I frown at her back as she walks away. She knows what I might do. She must know, or she wouldn't feel the need to say that.

Beatrice grabs my hand, squeezing my palm so tightly it hurts, but I don't let go. The last time we held hands was at my uncle's funeral, as my father cried. We need each other's strength now, just as we did then.

The room slowly comes to order. I try to lose myself in the blue glow.
Marcus stands at the podium between the Erudite and the Dauntless and clears his throat into the microphone. "Welcome," he says. "Welcome to the Choosing Ceremony. Welcome to the day we honor the democratic philosophy of our ancestors, which tells us that every man has the right to choose his own way in this world."

Or, it occurs to me, one of five predetermined ways. I squeeze Beatrice's fingers as hard as she is squeezing mine.

"Our dependents are now sixteen. They stand on the precipice of adulthood, and it is now up to them to decide what kind of people they will be." Marcus's voice is solemn and gives equal weight to each word. "Decades ago our ancestors realized that it is not political ideology, religious belief, race, or nationalism that is to blame for a warring world. Rather, they determined that it was the fault of human personality—of humankind's inclination toward evil, in whatever form that is. They divided into factions that sought to eradicate those qualities they believed responsible for the world's disarray."

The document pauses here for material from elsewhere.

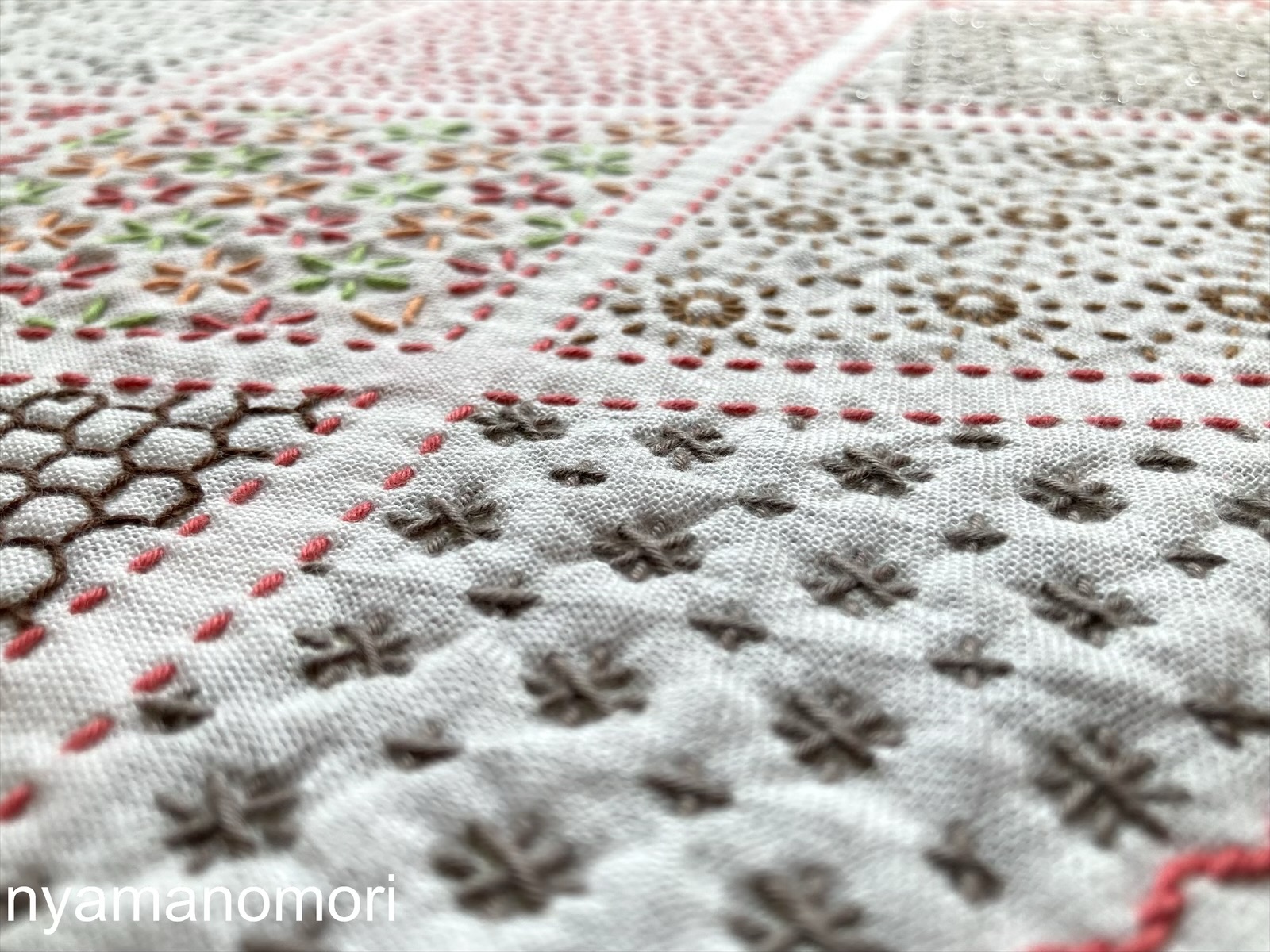 刺し子ダイヤならべの花ふきん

My eyes shift to the bowls in the center of the room. What do I believe? I do not know; I do not know; I do not know.

"Those who blamed aggression formed Amity."

The Amity exchange smiles. They are dressed comfortably, in red or yellow. Every time I see them, they seem kind, loving, free. Since I also felt that way, joing them would be easy.

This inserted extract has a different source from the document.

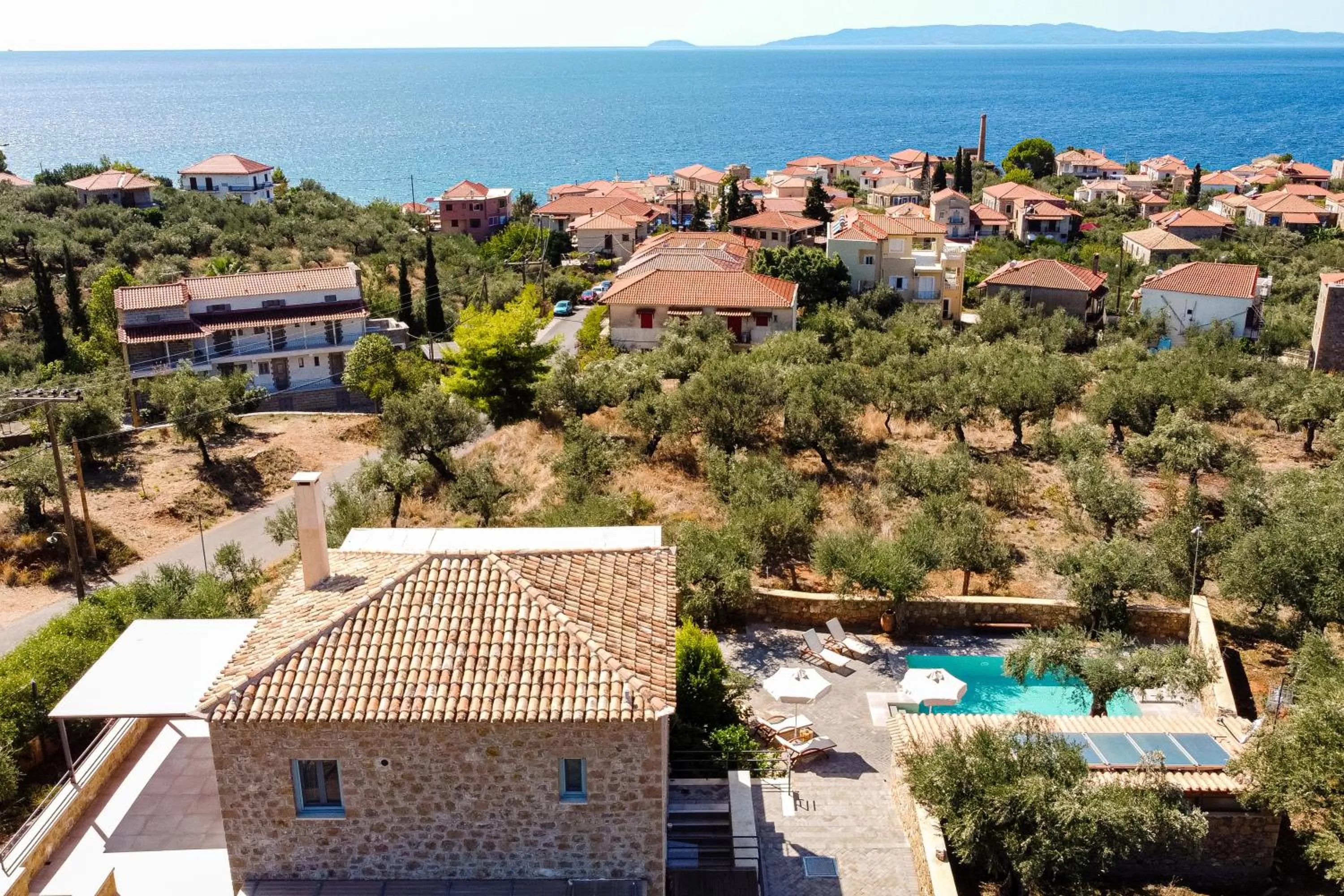 Property building in Lithos Guesthouse Kardamili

"Those who blamed ignorance became the Erudite."

Ruling out Erudite was the only part of my choice that was easy. But than was mainly due to my aptitude test.

"Those who blamed duplicity created Candor."

I have always admired Candor. 

"Those who blamed selfishness made Abnegation."

I blame selfishness; I do. But I myself am selfish for all this.

"And those who blamed cowardice were the Dauntless."

But I am not selfless enough. Sixteen years of trying and I am not enough.

And I'll probably never be selfless enough.

I would never fit among the people who raised me, without lying to them, like I did till now.